As noted in my last blog, I was quite taken by Clifford Lyon’s presentation, “Why We Test: Informed Design at CBS Interactive”, at the recent IE Predictive Analytics Summit in Chicago. A collateral benefit of Lyon’s informative discussion of using experiments or A/B testing to improve user website experience was exposure to the research of Microsoft’s Ronny Kohavi.

The point of departure for the accessible paper “Online Experimentation at Microsoft” co-authored by Kohavi was the 2005 statement from a memo by Microsoft’s then CTO, Ray Ozzie that the “web is fundamentally a self-service environment, and it is critical to design websites and product ‘landing pages’ with sophisticated closed-loop measurement and feedback systems.” On the heels of that dictum, Kohavi and colleagues conceptualized the Experimentation Platform (ExP) at Microsoft that would enable product teams to run controlled experiments.

OEM’s most fundamental experiment is the two group A/B test in which 50% of users are assigned randomly to a treatment condition and 50% to a control. The measurement of interest, called a response or dependent variable in the scientific world, is often referred to as a metric, key performance indicator or overall evaluation criteria (OEC) in business. Randomization assures that, within the limits of probability, “the only thing consistently different between the two variants is the change between the Control and Treatment, so any statistically significant differences in the OEC are the result of the specific change, establishing causality.” Experiments can, of course, be more complicated than the simple A/B. Multiple treatments with control along a single axis are referred to as A/B/C/D…, while multivariable tests that involve multiple axes are common as well.

ExP’s mission objectives, solidified in 2006, were both to build a testing platform that’s easy to integrate and to change Microsoft’s web development culture towards more data-driven decisions. Yet, tellingly, it wasn’t until two years later that the adoption of ExP grew significantly. Though technical challenges were many, it was the cultural barrier – “getting groups to see experimentation as part of the development lifecycle” – that was most nettlesome. And perhaps the single biggest early impediment? A history of deferring to the Highest-Paid-Person’s Opinion – HiPPO – rather than resolving debates with data. How relevant the quote from Upton Sinclair: “It is difficult getting a man to understand something when his salary depends upon his not understanding it.”

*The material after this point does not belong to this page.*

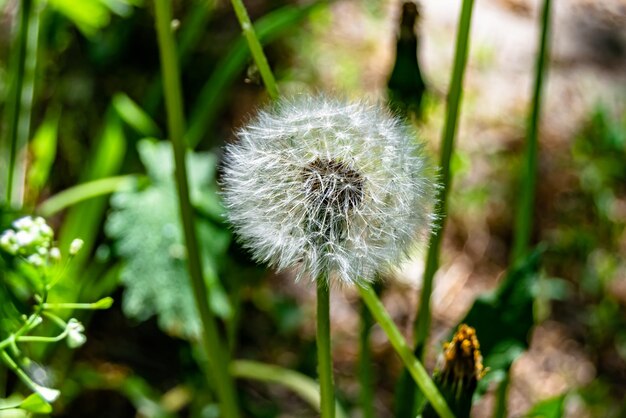 Mooie wildgroeiende bloemzaadpaardebloem op achtergrondweide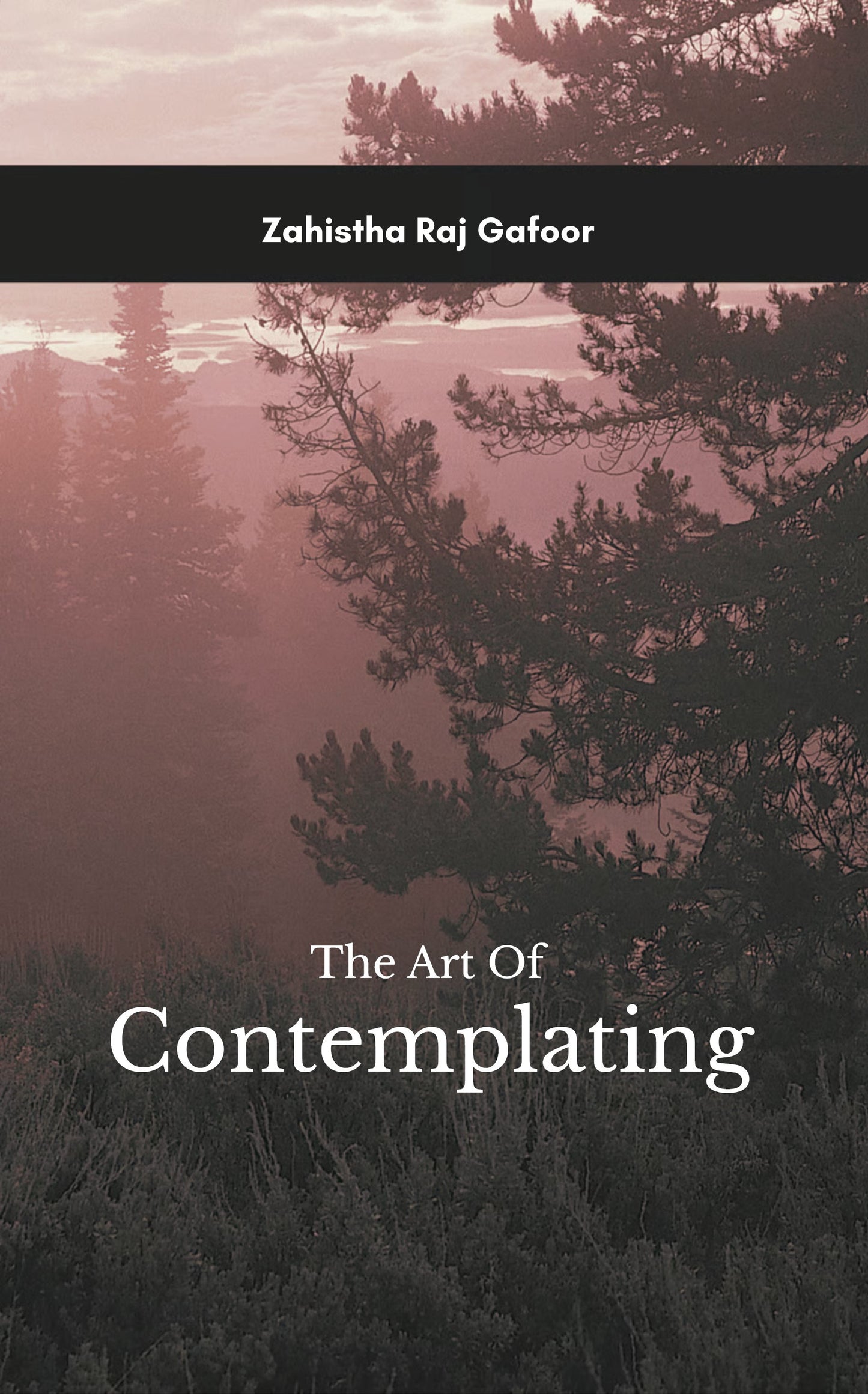 The Art of Contemplation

Though change has been difficult, the platform’s nonetheless been very rewarding to Microsoft. Experimentation is now pervasive with Microsoft’s web properties with many demonstrated successes. Testing on the look and feel of a new widget for the MSN Real Estate site led to a lift in referral revenues of almost 10% from an increase in clickthroughs (CTR).  An experiment on the Microsoft support page contrasting a section that provides answers to the most common technical questions to one that personalizes to the user’s browser and operating system demonstrated a 50% higher CTR with the latter. And an MSN Homepage Header Experiment that compared a magnifying glass with actionable keywords such as Search, Go, and Explore, revealed a statistically-significant 1.23% increases in usage with Search. As one pleased early user enthused “The results of the experiment were in some respects counter intuitive. They completely changed our feature prioritization. It dispelled long held assumptions about video advertising.”

Several important takeaways from the Microsoft experience? 1) First and foremost, “Avoid the temptation to try and build optimal features through extensive planning without early testing of ideas.” Test early and often. 2) Those introducing experimental or “science of business” approaches should be cautioned there’s much more immediate failure than success. Indeed, failures consistently outnumber successes two to one. “A failure of an experiment is not a mistake: learn from it.” 3) Take fliers and test radical and controversial ideas. Amazon’s personalized recommendation based on items in a shopping cart was a wildly successful idea at first vehemently opposed by a senior executive.